Direito Marítimo em foco no caso MV DALI: Avaria grossa – Uma visão histórica da evolução do instituto. Por Isabella R. de B. Fernandes, Marcelo E. Muniz e Rodrigo B. Dalhe

Em março de 2024, houve uma colisão entre o navio porta-contêineres “DALI” e uma ponte em Baltimore. Isso resultou no colapso da ponte, no bloqueio da entrada e saída do porto, causando também danos significativos ao navio e à carga. Devido à complexidade do acidente e as inúmeras medidas adicionais de esforços para mitigação do dano, isto é, os sacrifícios adicionais feitos para salvaguardar o restante da carga e da viagem, é altamente provável que seja declarada avaria grossa. Isso significa que todas as partes envolvidas na viagem marítima podem vir a ter que participar do rateio das perdas suportadas pelo armador/afretador. Em razão da importância do tema, será feito adiante um estudo sobre o instituto e a sua evolução no tempo. 

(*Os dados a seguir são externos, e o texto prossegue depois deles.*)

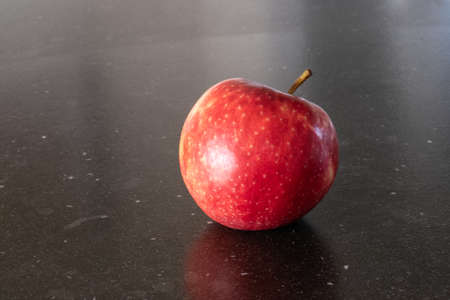 An apple a day, red tasty apple in dark background, kitchen table top, marble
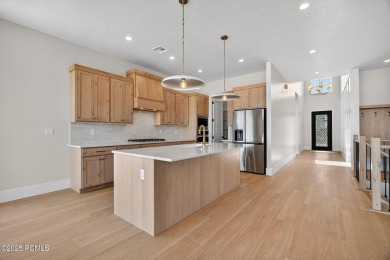 Experience breathtaking views of the city, mountains, and golf on Coral Canyon Golf Course in Utah - for sale on GolfHomes.com, golf home, golf lot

Historicamente, o instituto da avaria grossa remonta por volta de 800 a.C, tendo como base a Lei Rhodian. Contudo, seu primeiro instrumento legal escrito regulamentando o referido instituto só veio a ser criado séculos depois, através da Seção II de “De Lege Rhodia de Jactu” da Digesta, Livro XIV, datado de 533 d.C. Com a criação deste documento, foi possível identificar o princípio que se refere diretamente com a regra geral de avaria, o chamado alijamento de carga. 

Esta regra passou a ser implementada pelo Direito Romano de forma única a partir do povoamento de Rhodes na bacia do Mediterrâneo Oriental e, com o declínio do Império Romano, os regulamentos que regem a avaria grossa foram implementados pelo common law da área marítima. 

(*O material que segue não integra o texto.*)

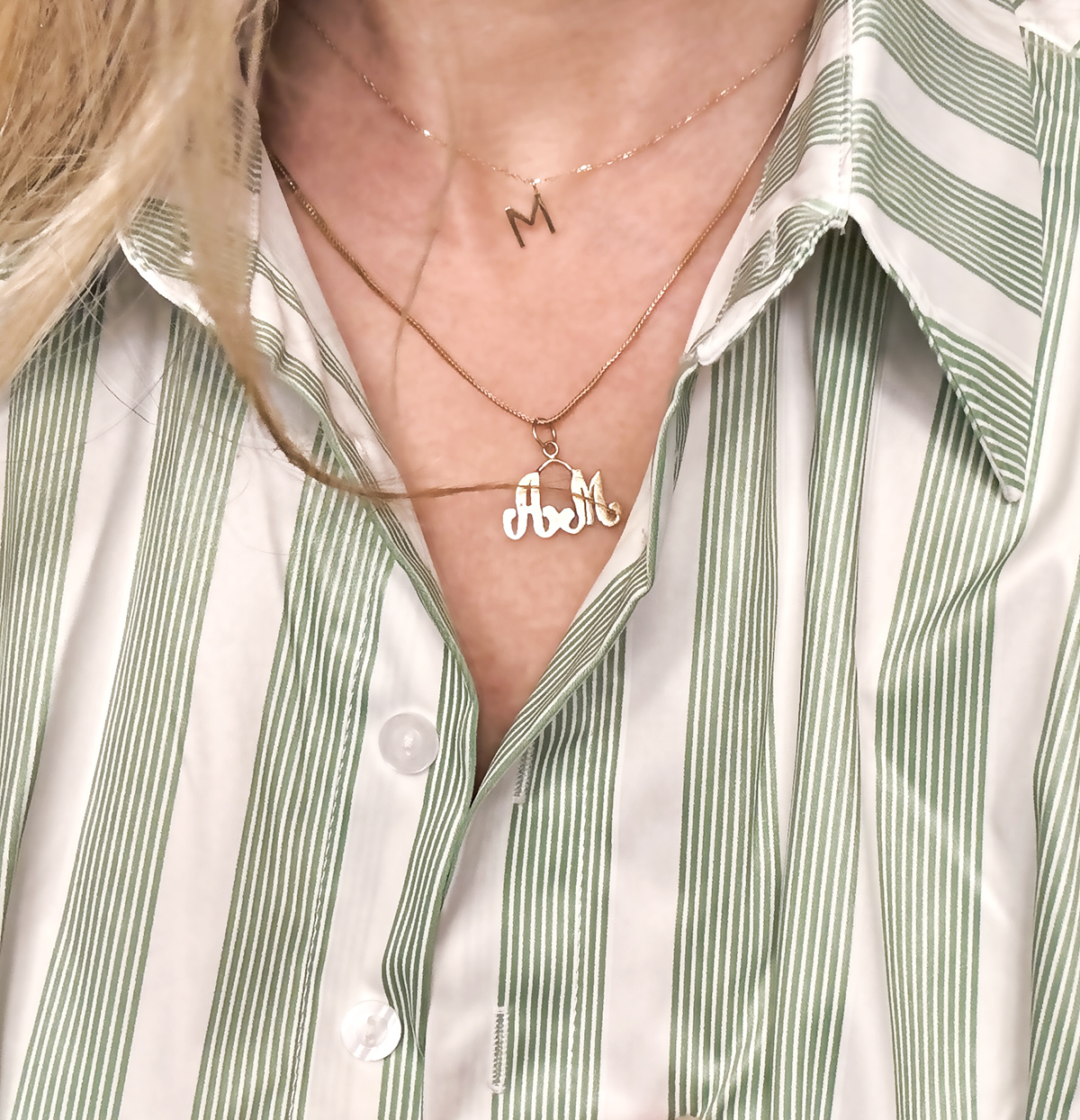 classic simple and ornate gold necklaces with initial chars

Desde o século XI, o acervo mais importante relacionado a avaria grossa eram os Rôles d’Oléron, regras estas que foram baseadas nos costumes marítimos. Há três artigos que regem a avaria nesta regra, quais sejam, os artigos 08, 09 e 35. O artigo 08, faz referência aos componentes da avaria grossa para alijamento de carga; o artigo 09 relaciona-se ao corte dos mastros, cabo de amarração e âncora; enquanto o artigo 35 aborda o ajuste da avaria grossa para o alijamento de carga entre os comerciantes.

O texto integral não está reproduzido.